AGUA DE ANNIQUE


Sors de ma chambre !!

Depuis son départ de The Gathering en 2007, Anneke van Giersbergen n’a pas perdu de temps pour nous présenter sa musique très intimiste au sein de Agua de Annique, quitte à en dérouter plus d’un. Après l’envoûtant Air et la parenthèse Pure Air, elle enfonce le clou avec In Your Room, à la pochette et au contenu résolument pop-rock. Anneke continue pourtant à tenir une place à part dans le cœur des metalheads, et notamment en France … n’a-t-on pas tous parfois besoin d’un peu de tendresse dans ce monde de brutes ?

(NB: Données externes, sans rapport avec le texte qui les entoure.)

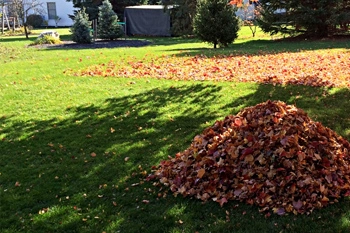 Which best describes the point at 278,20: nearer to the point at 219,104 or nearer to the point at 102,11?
the point at 102,11

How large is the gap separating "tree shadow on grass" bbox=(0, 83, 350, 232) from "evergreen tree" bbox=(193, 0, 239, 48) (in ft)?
25.3

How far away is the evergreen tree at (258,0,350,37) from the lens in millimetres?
17922

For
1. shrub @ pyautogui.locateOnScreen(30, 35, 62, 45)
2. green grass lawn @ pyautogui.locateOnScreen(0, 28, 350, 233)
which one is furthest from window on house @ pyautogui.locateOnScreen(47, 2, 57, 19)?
green grass lawn @ pyautogui.locateOnScreen(0, 28, 350, 233)

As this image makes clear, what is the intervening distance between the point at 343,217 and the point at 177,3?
23.2 m

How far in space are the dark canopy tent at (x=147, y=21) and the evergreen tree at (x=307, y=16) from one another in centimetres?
932

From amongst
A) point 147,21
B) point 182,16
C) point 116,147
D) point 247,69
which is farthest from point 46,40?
point 116,147

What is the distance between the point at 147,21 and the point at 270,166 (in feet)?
83.6

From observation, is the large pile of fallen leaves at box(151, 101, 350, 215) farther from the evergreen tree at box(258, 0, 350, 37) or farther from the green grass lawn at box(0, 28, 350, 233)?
the evergreen tree at box(258, 0, 350, 37)

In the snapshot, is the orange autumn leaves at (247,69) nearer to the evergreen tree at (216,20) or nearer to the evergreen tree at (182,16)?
the evergreen tree at (216,20)

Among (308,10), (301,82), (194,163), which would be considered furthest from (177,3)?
(194,163)

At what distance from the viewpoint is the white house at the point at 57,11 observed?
135 ft

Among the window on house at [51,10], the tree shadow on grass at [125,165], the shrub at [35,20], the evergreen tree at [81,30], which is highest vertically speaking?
the window on house at [51,10]

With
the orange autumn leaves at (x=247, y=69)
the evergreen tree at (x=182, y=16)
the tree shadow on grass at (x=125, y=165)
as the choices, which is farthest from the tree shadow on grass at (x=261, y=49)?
the evergreen tree at (x=182, y=16)

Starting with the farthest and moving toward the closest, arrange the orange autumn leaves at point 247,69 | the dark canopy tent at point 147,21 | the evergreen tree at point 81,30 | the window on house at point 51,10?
the window on house at point 51,10 < the dark canopy tent at point 147,21 < the evergreen tree at point 81,30 < the orange autumn leaves at point 247,69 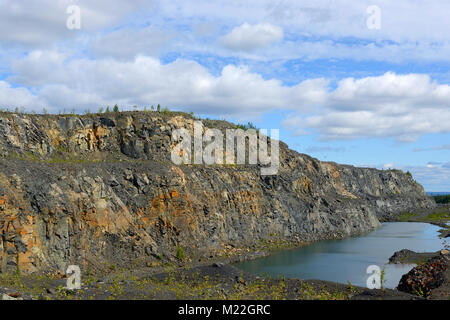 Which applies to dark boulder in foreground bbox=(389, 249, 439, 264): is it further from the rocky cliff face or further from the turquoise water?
the rocky cliff face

Interview parue également dans le Metal Obs' 35 de Nov. 2009

Entretien avec Anneke van Giersbergen (chant) - Par Geoffrey & J.C. Baugé
Rechercher : dans l'interview
 
Combien de fois on t’a posé la question bête et méchante du type : when will you play in my room ?
Pas souvent, en fait. Les gens se font leur propre idée sur le titre de l’album, In Your Room. C’est facilement sujet à interprétation.

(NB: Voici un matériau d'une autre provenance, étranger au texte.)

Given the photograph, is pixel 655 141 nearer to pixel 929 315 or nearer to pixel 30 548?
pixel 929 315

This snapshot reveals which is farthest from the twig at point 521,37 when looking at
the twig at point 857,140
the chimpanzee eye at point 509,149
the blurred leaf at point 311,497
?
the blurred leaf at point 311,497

Que signifie au juste ce titre ?
Pour mes deux premiers albums, Air et Pure Air, il était question d’évasion, du ciel, de l’éloignement. J’étais en phase d’introspection au moment de l’écriture de ces chansons. Le studio et les conditions d’enregistrement étaient cette fois différents. Les titres sont à la fois plus intimes, directs et… transparents. In Your Room est tout à fait approprié, ça semble dire : ici et maintenant.

Les nouveaux titres paraissent moins tristes mais plus mélancoliques que ceux de Air. Qu’en dis-tu ?
Oui, tout à fait. Ça a beaucoup à voir avec le cycle de sortie d’un album : c’est l’instantané d’une période de ta vie, une fraction de ton journal intime. Il m’a semblé urgent d’être claire sur certains points et dire vraiment ce que je pense. Ça s’entend d’ailleurs au niveau de la production : tout était préparé à l’avance, on savait exactement comment on devait sonner et comment on allait enregistrer.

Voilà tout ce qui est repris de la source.